Olympics proving ground for safety

By John Garces/sports editor

Recently, officials in Beijing reported they had uncovered a terrorist plot to target the Olympic Games when they come to the city later this year.

Not much is known about the plot, other than what is being released to the press courtesy of the Communist nation’s leaders.

In an Associated Press article, Wang Lequan, the top Communist Party official in the far western region of Xinjiang, said materials seized in a Jan. 27 raid in the regional capital, Urumqi, showed the plotters planned “specifically to sabotage the staging of the Beijing Olympics.’’

While stating that the goal of the plot was clear, he did not specify what type of plot it was, though it’s clear this plot strengthens the nation’s claim that extreme measures need to be taken to protect the safety and stability of the first games to be held in the country.

Chinese officials had long pegged anti-terrorism security as the country’s biggest need as they had long ago said terrorism was the biggest threat to the Beijing Olympics.

Most terrorism experts believe the threat for an attack at a Chinese-controlled event is low, because of the Communist regime’s tight social controls, but also warn that China’s counter-terrorism capabilities are weak should a plot to target the games take place.

Despite living in a world where terrorism is deemed a constant threat to world-wide security, the Olympics have thus far seemed to be an afterthought as a legitimate target, especially after surviving a 2002 Winter Games that was hosted on U.S. soil in Salt Lake City mere months after Sept. 11 and dealt with the fear of a potential terrorist attack almost daily.

To think that the biggest sporting spectacle in the world, short of maybe just the Super Bowl, is immune from violence, though, would be foolish.

All anyone has to do is think back to the 1972 Summer Games in Munich, where a Palestinian terrorist group killed 11 members of the Israeli Olympic team and did irreparable damage to the Olympic spirit in the process.

Whether the Communist regime in charge of China is using the one word in the English language that sends shock waves through the world as a means of taking minds off the real issue remains to be seen.

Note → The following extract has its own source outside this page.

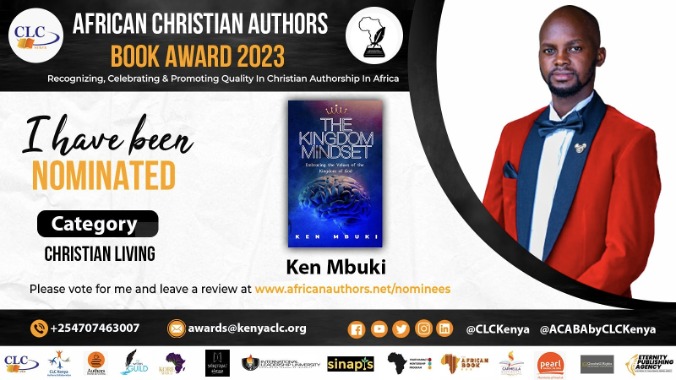 Ken Mbuki Has 35 Book Titles And Plans To Die Empty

But, despite how the rest of the world views the ways of the Communist party, Olympic security should never be taken lightly, under any circumstance.

Chinese officials have said they want to use the Olympics to show how far the country has come athletically and to prove that a Communist country can prosper and be a happy place to live.

They could start by showing the rest of the free world how to handle the fear of terrorism.